As shown in (Park et al. 2024) when the data is double censored this modelling approach biases the mean by approximately a day as well as the standard deviation. Where right truncation is also present biases can be more severe with plausible simulated scenarios leading to biased means that were >30% shorter than the true distributions.
This approach aims to account for the right truncation and double censoring using a generative modelling approach. For each event, a latent variable is used to represent the exact time of the event. This then allows the modelling of the continuous distribution, adjusted for the right truncation. Whilst this is an approximation (Park et al. 2024) showed good recovery of simulated distributions in a range of settings. However, the use of two latent variables per observed delay means that this approach may scale poorly with larger datasets. That being said this approach has been used successfully in multiple real-world outbreak settings ((ward2022transmission?)).
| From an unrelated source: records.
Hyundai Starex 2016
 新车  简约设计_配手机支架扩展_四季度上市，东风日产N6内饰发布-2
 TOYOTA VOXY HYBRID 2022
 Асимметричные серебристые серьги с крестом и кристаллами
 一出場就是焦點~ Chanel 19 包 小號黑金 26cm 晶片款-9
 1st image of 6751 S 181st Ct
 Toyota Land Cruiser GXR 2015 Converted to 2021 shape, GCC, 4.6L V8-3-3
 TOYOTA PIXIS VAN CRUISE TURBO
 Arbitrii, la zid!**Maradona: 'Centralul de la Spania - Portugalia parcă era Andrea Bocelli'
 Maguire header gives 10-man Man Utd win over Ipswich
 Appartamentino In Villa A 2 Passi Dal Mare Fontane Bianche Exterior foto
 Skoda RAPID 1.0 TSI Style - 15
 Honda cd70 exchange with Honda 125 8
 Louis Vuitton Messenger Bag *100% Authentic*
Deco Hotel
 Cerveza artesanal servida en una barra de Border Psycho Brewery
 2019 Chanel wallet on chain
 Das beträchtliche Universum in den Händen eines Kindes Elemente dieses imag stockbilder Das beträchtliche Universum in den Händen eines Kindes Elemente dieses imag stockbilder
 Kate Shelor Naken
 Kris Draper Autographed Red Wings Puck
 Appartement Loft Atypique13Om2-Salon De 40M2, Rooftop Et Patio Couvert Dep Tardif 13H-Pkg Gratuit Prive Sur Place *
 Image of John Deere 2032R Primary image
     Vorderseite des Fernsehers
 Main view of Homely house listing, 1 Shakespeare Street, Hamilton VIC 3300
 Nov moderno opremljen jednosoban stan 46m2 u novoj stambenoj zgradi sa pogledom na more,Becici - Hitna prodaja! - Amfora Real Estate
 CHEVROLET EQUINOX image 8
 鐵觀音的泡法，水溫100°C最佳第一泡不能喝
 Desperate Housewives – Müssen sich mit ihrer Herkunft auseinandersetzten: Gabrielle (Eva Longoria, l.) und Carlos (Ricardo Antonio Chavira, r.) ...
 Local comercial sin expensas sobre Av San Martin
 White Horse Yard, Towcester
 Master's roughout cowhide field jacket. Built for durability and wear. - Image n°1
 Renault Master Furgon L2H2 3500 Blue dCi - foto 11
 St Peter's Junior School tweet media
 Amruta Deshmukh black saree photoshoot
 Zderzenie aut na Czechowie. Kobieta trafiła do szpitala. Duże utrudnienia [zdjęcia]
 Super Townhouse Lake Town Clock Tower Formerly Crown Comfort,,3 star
Mathematically this model is described as follows. We look at the conditional probability that the secondary event S falls between SL and SR, given that the primary event P falls between PL and PR and that the secondary event S occurs before the truncation time T: $$ \begin{aligned} \mathbb{P}(S_L < S < S_R \, | \, P_L < P < P_R, S<T) &= \mathbb{P}(P_L < P < P_R, S_L < S < S_R, S<T \, | \, P_L < P < P_R, S<T)\\ &= \frac{\mathbb{P}(P_L < P < P_R, S_L < S < S_R, S<T)}{\mathbb{P}(P_L < P < P_R, S<T)}\\ &= \frac{\int_{P_L}^{P_R} \int_{S_L}^{S_R} g_P(x) f_x(y-x) \,dy\, dx}{\int_{P_L}^{P_R} \int_{z}^T g_P(z) f_z(w-z) \, dz \,dw }\\ &= \frac{\int_{P_L}^{P_R} \int_{S_L}^{S_R} g_P(x) f_x(y-x) \,dy\, dx}{\int_{P_L}^{P_R} g_P(z) F_z(T-z) \,dw }\\ &= \frac{\int_{P_L}^{P_R} \int_{S_L}^{S_R} g_P(x|P_L, P_R) f_x(y-x) \,dy\, dx}{\int_{P_L}^{P_R} g_P(z|P_L, P_R) F_z(T-z) \,dw }\\ \end{aligned} $$ Using latent variables, we can now rewrite the observation likelihood as: $$ \begin{aligned} x_i &\sim g_P(x_i \, | \, p_{L, i}, p_{R, i}) \\ y_i &\sim \text{Unif}(s_{L, i}, s_{R, i}) \\ \mathcal{L}(\mathbf{Y} \, | \, \boldsymbol{\theta}) &= \prod_i \left[ \frac{f_{x_i}(y_i - x_i)}{\int_{P_{L, i}}^{P_{R, i}} g_P(z \, | \, p_{L, i}, p_{R, i}) F_z(T - z) \text{d}z} \right]. \end{aligned} $$ As before, gP(z | pL, i, pR, i) represents the conditional distribution of the primary event given lower PL and upper PR bounds; this is equivalent to modelling the incidence in primary events.